[Saved data entries]
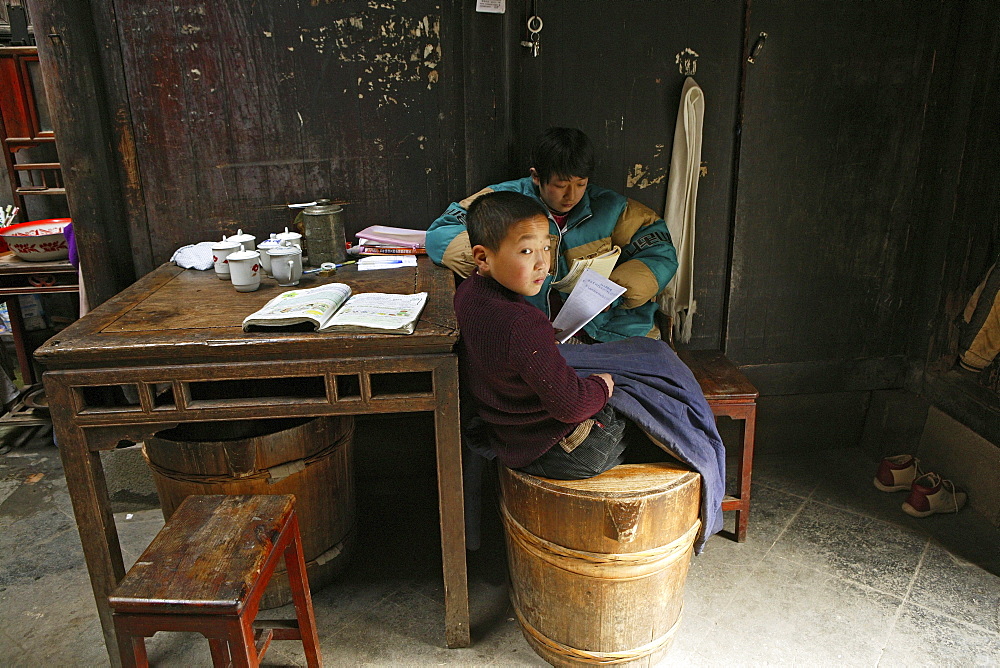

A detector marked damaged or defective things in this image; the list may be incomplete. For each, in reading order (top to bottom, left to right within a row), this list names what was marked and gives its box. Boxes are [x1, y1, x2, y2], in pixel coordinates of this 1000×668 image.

peeling paint on wall [628, 163, 668, 189]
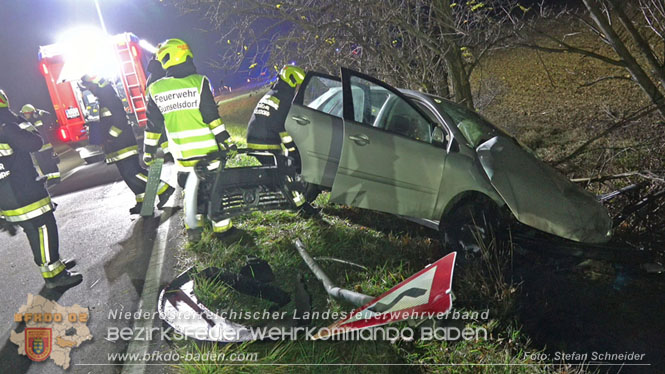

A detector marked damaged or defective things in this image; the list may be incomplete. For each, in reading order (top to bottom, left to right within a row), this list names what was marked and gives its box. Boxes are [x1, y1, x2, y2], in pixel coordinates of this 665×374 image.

crashed car [286, 68, 612, 245]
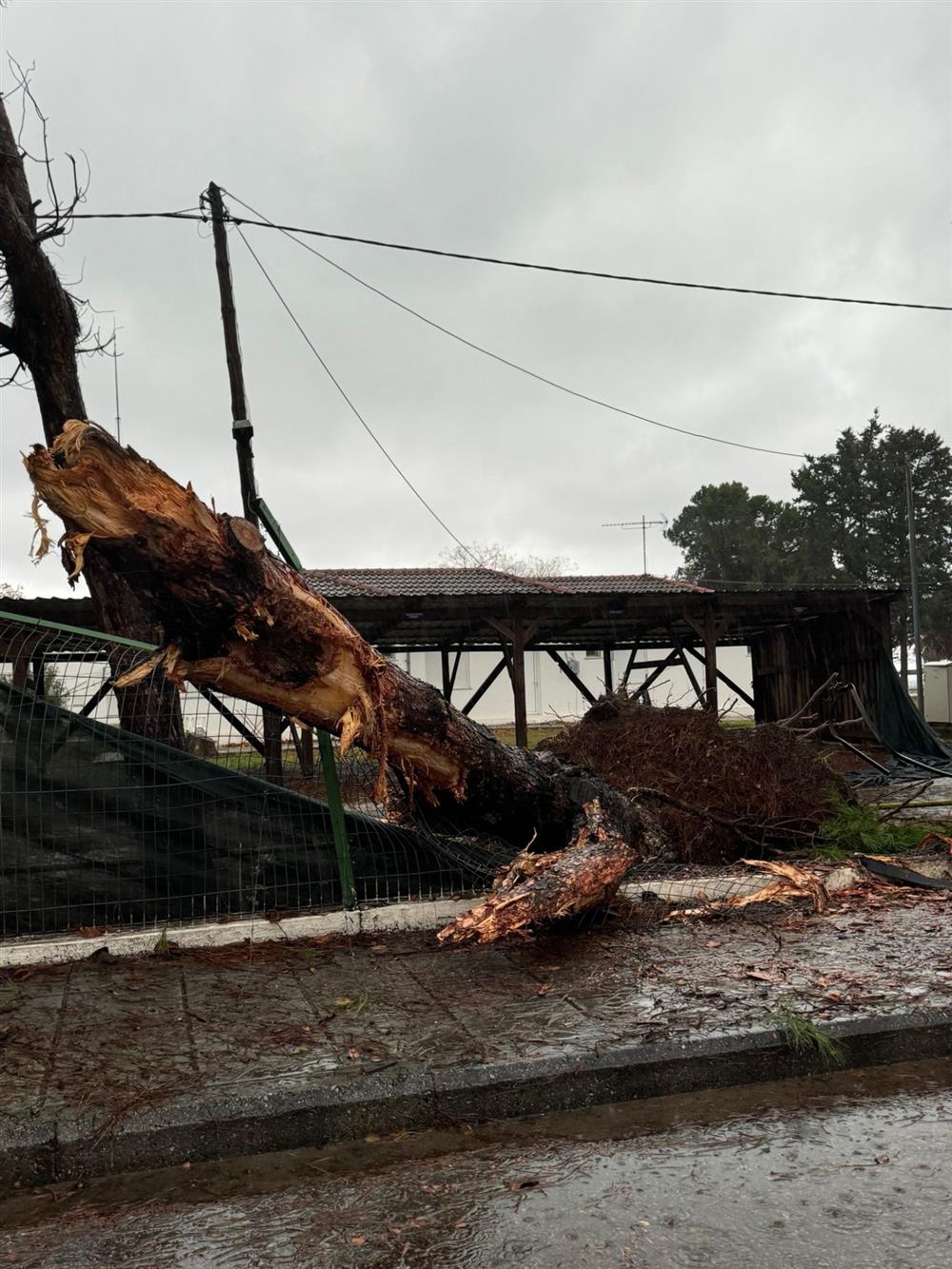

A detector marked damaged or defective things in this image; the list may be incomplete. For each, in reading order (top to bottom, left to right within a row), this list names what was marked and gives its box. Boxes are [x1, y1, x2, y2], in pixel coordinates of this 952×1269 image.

damaged fence [0, 609, 506, 941]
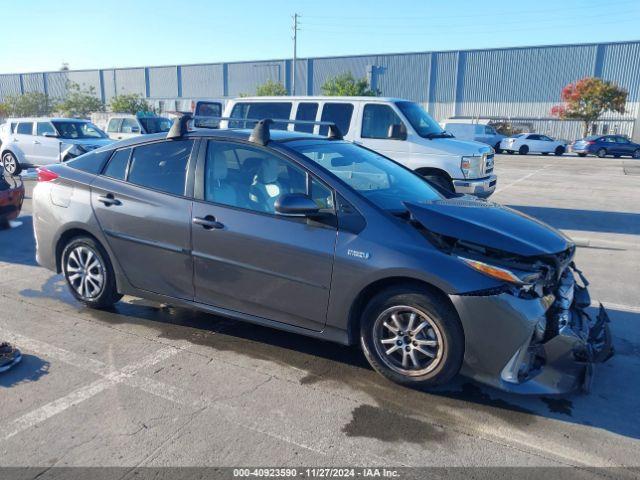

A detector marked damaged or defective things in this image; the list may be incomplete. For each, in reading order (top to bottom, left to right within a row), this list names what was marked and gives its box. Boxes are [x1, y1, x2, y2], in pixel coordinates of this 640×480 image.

damaged toyota prius [32, 116, 612, 394]
crumpled front hood [404, 197, 568, 256]
shattered headlight [458, 256, 544, 286]
broken front bumper [450, 264, 616, 396]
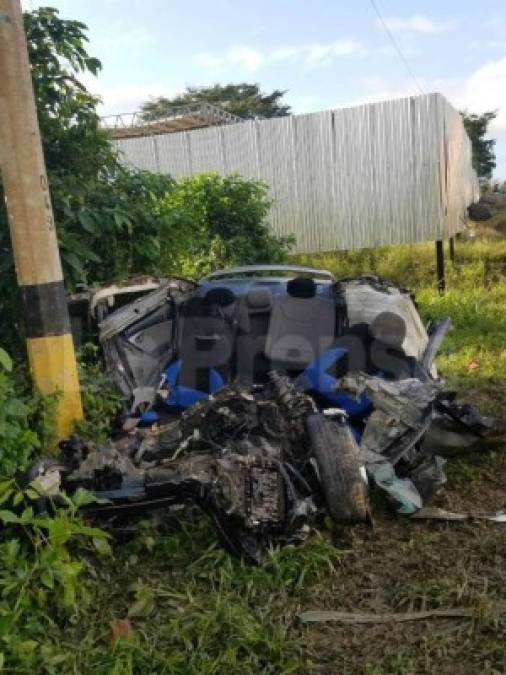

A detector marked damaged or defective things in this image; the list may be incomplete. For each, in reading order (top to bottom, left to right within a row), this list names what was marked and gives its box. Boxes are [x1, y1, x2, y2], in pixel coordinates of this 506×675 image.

destroyed car [28, 266, 494, 564]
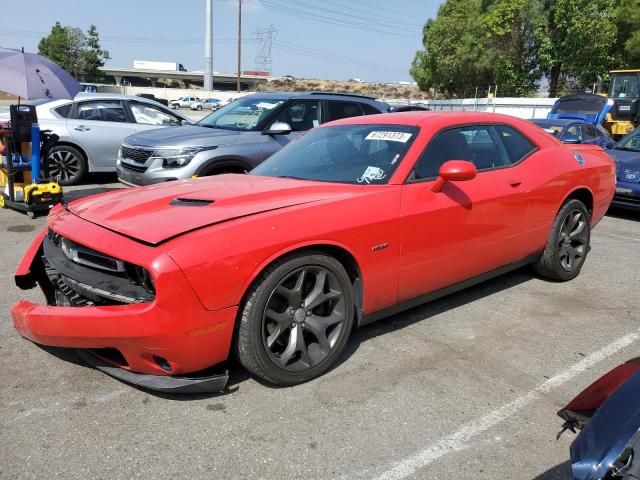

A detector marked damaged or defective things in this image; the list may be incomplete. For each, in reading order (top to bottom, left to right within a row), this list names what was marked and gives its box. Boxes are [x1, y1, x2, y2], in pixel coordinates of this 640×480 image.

front bumper damage [11, 210, 238, 394]
damaged front end [556, 358, 640, 478]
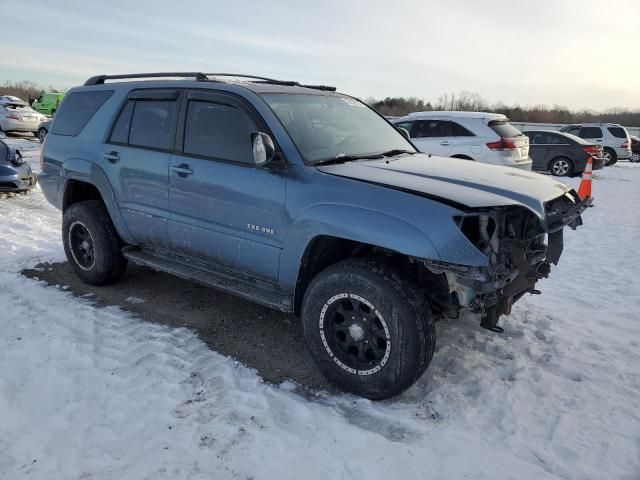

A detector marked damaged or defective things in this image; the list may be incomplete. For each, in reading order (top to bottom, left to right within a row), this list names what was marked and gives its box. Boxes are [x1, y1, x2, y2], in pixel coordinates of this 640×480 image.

crumpled front end [422, 189, 588, 332]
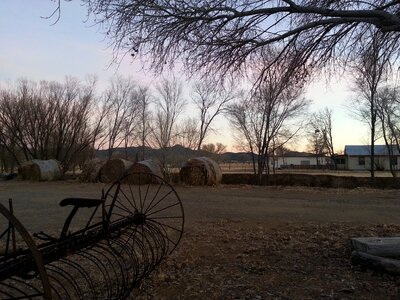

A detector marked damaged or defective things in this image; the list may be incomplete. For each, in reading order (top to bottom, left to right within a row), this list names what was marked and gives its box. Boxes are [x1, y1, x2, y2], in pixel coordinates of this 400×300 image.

rusty machinery part [0, 172, 185, 298]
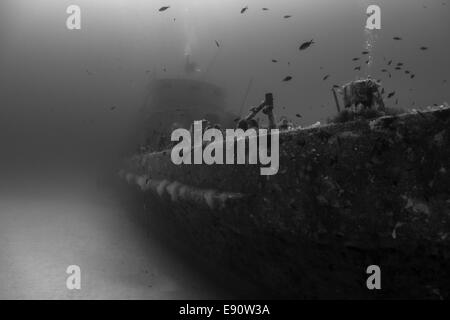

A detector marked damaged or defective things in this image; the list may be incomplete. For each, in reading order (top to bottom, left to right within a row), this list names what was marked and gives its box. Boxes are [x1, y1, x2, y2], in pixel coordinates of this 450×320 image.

corroded hull [118, 107, 450, 298]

Try it: Write out exactly the lines from the one containing "this 450×320 image." through the end of the data, both included. Add nothing else.

Reply:
A detector marked damaged or defective things in this image; the list may be incomplete. For each, in reading order (top to bottom, left to right within a row), this list names what was marked and gives its box. Boxes are [x1, y1, x2, y2], in pixel coordinates of this 450×320 image.

corroded hull [118, 107, 450, 298]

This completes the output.